The five permanent members of the UN Security Council have a responsibility not to veto when civilians are threatened by mass atrocity crimes. Instead, the Council has been crippled by internal divisions and paralyzed by four double vetoes.
In keeping with the Responsibility to Protect, we call upon the UN Security Council to:
1. Demand full and immediate compliance with Resolutions 2139 and 2165;
2. Authorize targeted sanctions against government and non-state actors who are responsible for mass atrocity crimes;
3. Impose an arms embargo on Syria;
4. Refer the Syrian situation to the International Criminal Court for investigation;
5. Increase efforts to find a political solution to the conflict, including by engaging with all relevant regional powers.
To coincide with the anniversary, and in support of these ends, the Global Centre for the Responsibility to Protect has also released a new occasional paper, entitled “Failure to Protect: Syria and the UN Security Council.”

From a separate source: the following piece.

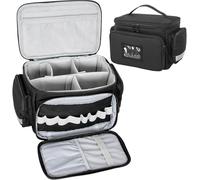 Medical Bag for Nurses & Doctors - Empty First Aid Bag with Removable Dividers, Portable Medical Supplies Organiser for Home Health Care, Travel, Community Nurse Home Visit or Emergency Use, Black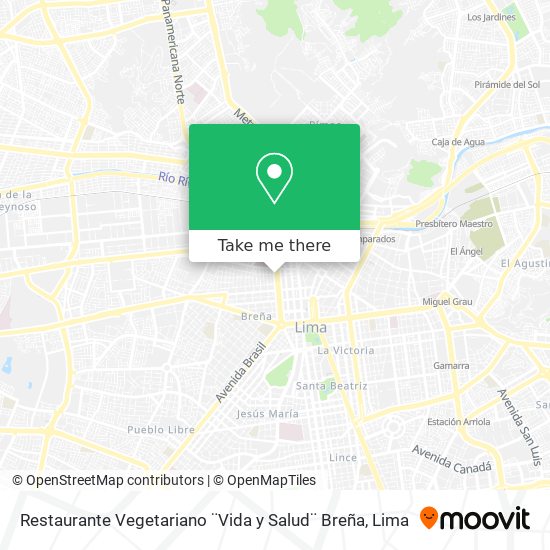 Restaurante Vegetariano ¨Vida y Salud¨ Breña map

Ahead of the 70th anniversary of the UN in October, the permanent members of the Security Council should also agree to a “statement of principles” which affirms their commitment to voluntarily restrain their use of the veto in any mass atrocity situation. With or without such an agreement, the Council is still obligated to reinvigorate efforts to end war crimes and crimes against humanity in Syria. The long suffering Syrian people cannot wait another year for the Council to live up to its responsibilities.